I don't mind a "Hi." followed by some [user is typing] followed by the actual question. It's the naked "hi" with nothing else. The "hi" that's just dropped there awaiting me to confirm that I'm now a part of a conversation I know nothing about.
Emails have subject lines and require the sender to write out what they want. Phone calls leave me the option to pick up or let go to VM if I'm not available. But DMs are the worst of those two: text like an email, realtime like a phone call.
For some reason those seem to correlate with users who want me to do their work for them, or are about to drop a request that I have no time for—and don't even have the time to explain why it's not my domain or a good fit for my schedule. These are requests I'd love to get via email so I can respond on my own time. Or as a voicemail. Or even as a written out DM.

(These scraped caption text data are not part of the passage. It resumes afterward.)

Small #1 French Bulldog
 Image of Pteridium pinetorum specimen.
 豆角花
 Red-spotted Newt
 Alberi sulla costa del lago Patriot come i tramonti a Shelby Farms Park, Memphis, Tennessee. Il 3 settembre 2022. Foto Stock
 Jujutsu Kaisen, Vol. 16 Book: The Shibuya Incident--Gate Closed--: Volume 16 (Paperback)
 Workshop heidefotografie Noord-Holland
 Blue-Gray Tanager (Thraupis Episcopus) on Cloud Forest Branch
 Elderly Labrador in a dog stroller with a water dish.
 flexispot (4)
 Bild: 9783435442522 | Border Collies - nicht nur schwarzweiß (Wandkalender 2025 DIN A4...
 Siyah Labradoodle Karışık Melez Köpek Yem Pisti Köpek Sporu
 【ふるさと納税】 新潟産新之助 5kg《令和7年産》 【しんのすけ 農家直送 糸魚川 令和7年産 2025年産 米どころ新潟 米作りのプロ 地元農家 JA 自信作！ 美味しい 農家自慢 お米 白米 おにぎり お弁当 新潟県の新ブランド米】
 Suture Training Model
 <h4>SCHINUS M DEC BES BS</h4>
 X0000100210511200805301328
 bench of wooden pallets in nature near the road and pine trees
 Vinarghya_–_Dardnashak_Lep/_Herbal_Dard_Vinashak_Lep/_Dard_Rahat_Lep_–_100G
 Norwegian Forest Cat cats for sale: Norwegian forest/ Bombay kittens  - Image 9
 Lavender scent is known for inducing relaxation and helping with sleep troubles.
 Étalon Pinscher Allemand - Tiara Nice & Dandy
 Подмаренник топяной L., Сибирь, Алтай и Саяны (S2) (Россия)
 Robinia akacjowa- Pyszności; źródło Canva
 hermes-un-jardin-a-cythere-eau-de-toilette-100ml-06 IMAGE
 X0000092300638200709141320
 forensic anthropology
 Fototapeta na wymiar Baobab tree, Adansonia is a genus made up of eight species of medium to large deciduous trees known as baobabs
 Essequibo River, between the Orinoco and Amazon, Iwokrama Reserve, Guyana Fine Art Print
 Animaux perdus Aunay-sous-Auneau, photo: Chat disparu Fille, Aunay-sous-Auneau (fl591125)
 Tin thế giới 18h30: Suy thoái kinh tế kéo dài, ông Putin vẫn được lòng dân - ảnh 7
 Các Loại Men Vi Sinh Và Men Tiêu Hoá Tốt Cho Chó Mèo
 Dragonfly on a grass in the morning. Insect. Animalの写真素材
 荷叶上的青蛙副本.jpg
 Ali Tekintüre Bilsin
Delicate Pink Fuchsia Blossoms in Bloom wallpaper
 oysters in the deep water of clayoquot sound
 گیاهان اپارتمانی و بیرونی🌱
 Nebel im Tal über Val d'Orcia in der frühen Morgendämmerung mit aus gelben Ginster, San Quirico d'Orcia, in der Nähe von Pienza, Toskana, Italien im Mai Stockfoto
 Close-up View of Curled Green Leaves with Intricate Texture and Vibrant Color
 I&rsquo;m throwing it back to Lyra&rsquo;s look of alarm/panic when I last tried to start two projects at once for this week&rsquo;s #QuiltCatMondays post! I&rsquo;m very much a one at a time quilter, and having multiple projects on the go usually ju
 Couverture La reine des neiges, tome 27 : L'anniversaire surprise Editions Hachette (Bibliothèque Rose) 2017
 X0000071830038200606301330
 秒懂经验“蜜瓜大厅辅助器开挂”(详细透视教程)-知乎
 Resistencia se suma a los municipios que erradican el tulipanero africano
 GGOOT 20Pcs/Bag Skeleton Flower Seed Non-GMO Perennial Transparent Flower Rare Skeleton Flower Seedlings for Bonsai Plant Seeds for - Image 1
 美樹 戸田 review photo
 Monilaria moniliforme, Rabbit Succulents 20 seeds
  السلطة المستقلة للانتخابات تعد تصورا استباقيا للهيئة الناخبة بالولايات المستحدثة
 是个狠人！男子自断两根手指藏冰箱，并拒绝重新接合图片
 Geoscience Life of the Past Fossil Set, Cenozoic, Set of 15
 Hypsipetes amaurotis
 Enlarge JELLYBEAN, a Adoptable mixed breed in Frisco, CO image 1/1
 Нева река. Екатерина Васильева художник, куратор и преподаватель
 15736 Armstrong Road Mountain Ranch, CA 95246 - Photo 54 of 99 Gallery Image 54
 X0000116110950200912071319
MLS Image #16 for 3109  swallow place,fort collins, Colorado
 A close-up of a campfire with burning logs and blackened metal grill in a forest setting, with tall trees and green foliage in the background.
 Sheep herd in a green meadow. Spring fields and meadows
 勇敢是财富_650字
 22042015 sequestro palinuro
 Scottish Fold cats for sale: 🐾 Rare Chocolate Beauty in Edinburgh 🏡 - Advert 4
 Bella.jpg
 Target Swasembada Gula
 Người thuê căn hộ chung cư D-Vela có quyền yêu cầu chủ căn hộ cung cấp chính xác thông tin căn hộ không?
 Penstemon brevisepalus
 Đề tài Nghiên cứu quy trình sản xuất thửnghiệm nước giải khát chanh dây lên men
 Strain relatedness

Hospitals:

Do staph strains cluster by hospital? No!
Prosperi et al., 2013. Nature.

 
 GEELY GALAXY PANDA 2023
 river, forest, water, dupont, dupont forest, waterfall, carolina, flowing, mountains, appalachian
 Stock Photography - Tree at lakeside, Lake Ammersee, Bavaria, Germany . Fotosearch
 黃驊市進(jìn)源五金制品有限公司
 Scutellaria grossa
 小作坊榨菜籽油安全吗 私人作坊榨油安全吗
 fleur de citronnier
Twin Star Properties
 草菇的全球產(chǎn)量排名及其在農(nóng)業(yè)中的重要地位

But not as another message in "a conversation we're having now."
Was it a nuisance when work from home started more and more people switched over to this pattern.
Nowadays I am just fed up with it.
But it might be because after 23 months we (the company I am working for) still haven't been able to learn how to replace most meetings with forms that don't take up that much synchronous time.
Most meetings I am in could be at least cut short when prepared up front by a document that enables commenting. Then one could discuss ideas and not need to generate them on the fly.
And then there are the few cases where the need is to brainstorm. These can be fun. And I like them. But they are for cases when the map/way/ideas are yet unknown.
When the path is more clear things imho should be more asynchronously organized.
On IRC this is called "scrolling" and depending on your relationship with the person you can ask them if someone is playing a joke by hooking their enter key up to their spacebar.
In general I think what's happening is a tell that a person doesn't act with fully-formed thoughts when they open their mouth.
I pretty much agree with the other comments against people just saying 'hi' and nothing else. But this made it click to me.
I think many of the people who do this are the same who drop by your desk and ask for a random thing, without taking the time to ask whether you're available or not. This is the same thing, just moved online.
Also, bonus points for people who just say 'hi', you say hi back, and they never reply anything. Reminds me of people in person who would come up to your desk, say hi, while at the same time frantically typing on their phones and making you wait.
I completely understand where you are coming from. But rest assured, your politeness is stressing the people around you and lack of it will at worst perceived as rushness.
I like to be friendly but also to not to waste time by doing some kind of weird manual slack handshake protocol.